Presenters:
Evan Suma, Ph.D., Senior Research Associate, Institute for Creative Technologies, USC.
Refreshments served
Abstract
Natural locomotion presents one of the fundamental challenges for the field of immersive virtual environments. Expansive virtual worlds, such as those commonly used in immersive training simulators, are typically too large to fit within the limited confines of practical real-world workspaces, making them impossible to fully explore through physical body movement. In this talk, I will describe a series of virtual reality experiments that address this limitation by leveraging perceptual illusions to form "impossible spaces." Such illusions can be used to provide the experience of walking naturally through large-scale virtual environments while the user unknowingly moves in circles in the real world.
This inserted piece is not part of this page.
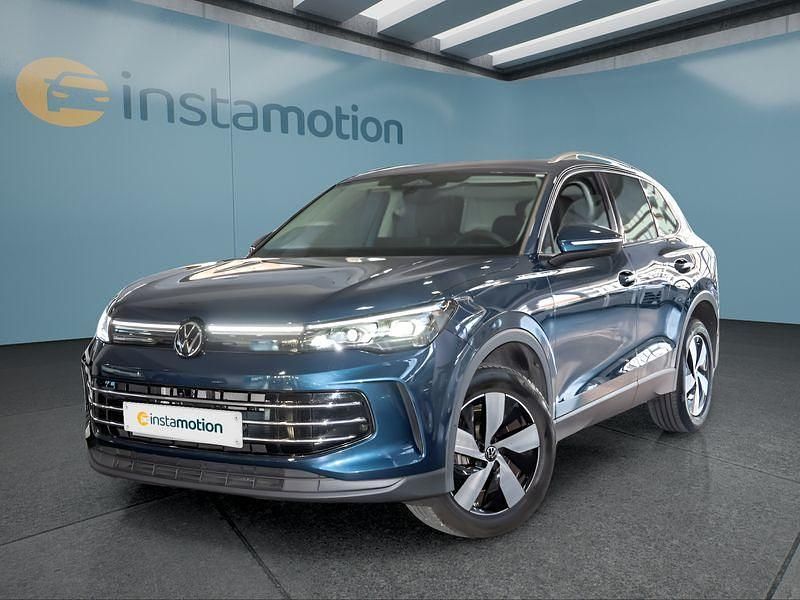 Blau Gebraucht 2024 VW Tiguan SUV | 43.599 € (Fairer Preis) - Bild 1/4
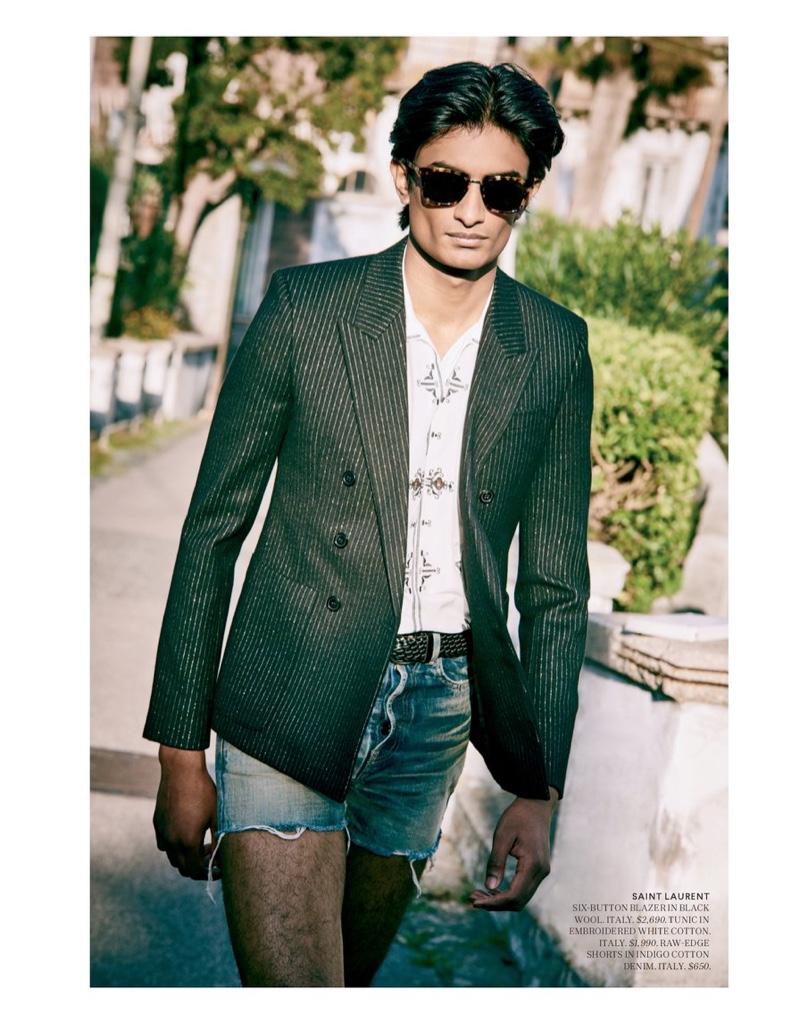 Donning bold style, Rishi Robin sports a blazer with raw-edge denim shorts and a shirt from Saint Laurent for Bergdorf Goodman.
Results from our formal user studies have shown that impossible spaces can successfully fool the senses into believing that an expansive virtual world is being experienced despite actually walking within a confined physical workspace, thereby empowering natural locomotion for use in a wider range of practical environments and situations.
Bio
Evan Suma is a Senior Research Associate at the Institute for Creative Technologies at the University of Southern California. He received his Ph.D. in 2010 from the Department of Computer Science at the University of North Carolina at Charlotte, and also holds a B.A. from Ithaca College. His research interests broadly include interaction and perception in virtual environments and 3D user interfaces, with a particular interest in natural interaction techniques that incorporate physical body movement. He is also the author of the Flexible Action and Articulated Skeleton Toolkit (FAAST), which has been widely used by the virtual reality and hobbyist communities to integrate gestural control with 3D applications using the Microsoft Kinect. His work has been recognized by multiple best paper awards at academic conferences, and has been covered by news organizations such as NPR, Voice of America, Wired, CNN, and The New York Times.